If one were to go by what was offered for sale in New Age stores or in some of the World sections of music stores, you'd think the only type of music Native North American's created was by serious looking men playing flutes or doe eyed women singing rhapsodies to Mother Earth. In some ways that's not so very far removed from the singular way in which Natives were represented in early Hollywood movies where they were depicted as terrible savages.
This new definition is as one-dimensional as the earlier, and in some ways just as demeaning in that it reduces a whole culture down to the simplistic ideal of the noble spiritual savage. Not only does the depiction miss the point of the role music plays in the Native community, but it also precludes it from ever being anything but an artifact.

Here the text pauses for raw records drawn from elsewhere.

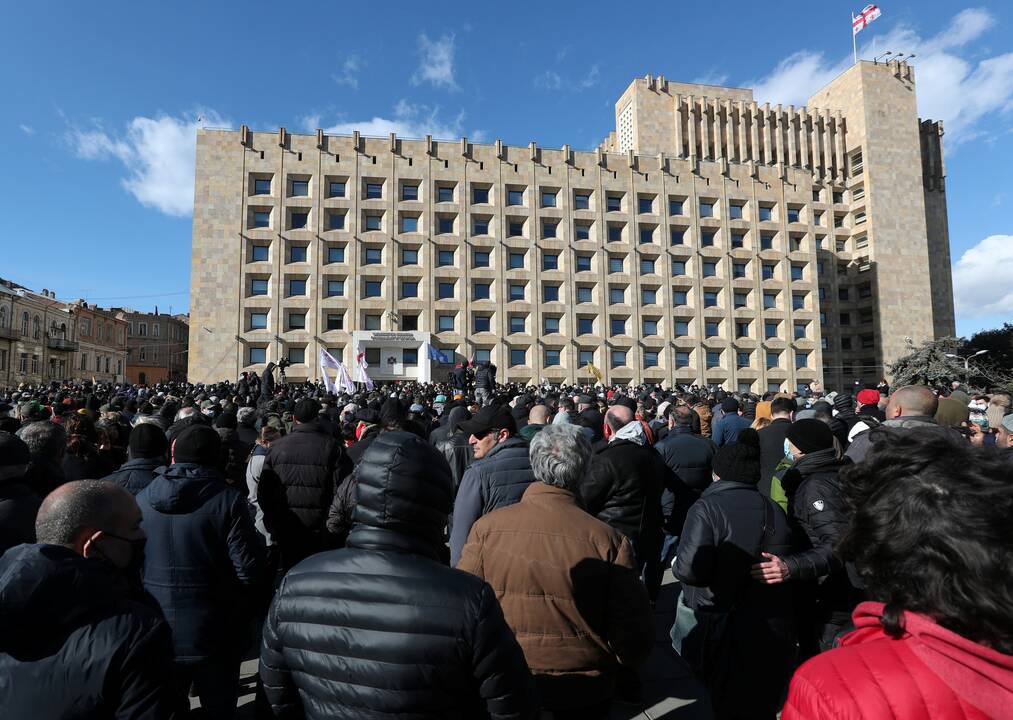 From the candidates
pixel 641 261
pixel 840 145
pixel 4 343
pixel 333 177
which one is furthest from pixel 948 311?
pixel 4 343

It would be like keeping the visual arts of Europeans stuck back in their earliest cave drawings and not recognizing any of the progressions since.
There's a new series of DVD's that has been released by Arbor Records of Winnipeg, Manitoba, Canada that has broken down the components of the Native gathering know as Pow Wow into eight one hour episodes. In Pow Wow Trail Episode 7: Pow Wow Rock contemporary Native North American music is examined in detail. From the traditional playing of the Drum for the dancers to the contemporary musicians who carry that spirit forward with modern instruments, all aspects of aboriginal music in Canada and the United States is examined.

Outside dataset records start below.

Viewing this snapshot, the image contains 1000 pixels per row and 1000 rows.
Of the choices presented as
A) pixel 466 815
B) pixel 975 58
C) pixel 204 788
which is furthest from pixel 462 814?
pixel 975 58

It's Buffy Saint-Marie, probably one of the most well known Native musicians today, who explains the term Pow-Wow Rock. She says it doesn't necessarily have anything to do with the Pow-Wows per se. It's just that since the music is an extension of what happens during the gatherings, and that their music all originates from that base it makes sense to call their contribution to contemporary music by that name. It's also the name they choose for it, not what someone else wants to call it which is important.
Buffy is only one of a number of Native musicians whose opinions on the music are relayed through this disc. Although some of the interviews and performances have been picked up from other broadcasts and edited into this DVD, what each person has to say is so pertinent to the issue at hand you don't even notice until the credits what's been done. Also on hand are the three women from the a cappella group Ulali, Robbie Robertson, and Keith Secola of Keith Secola and Wild Band of Indians, a Native rock band that mixes traditional and contemporary instruments and music.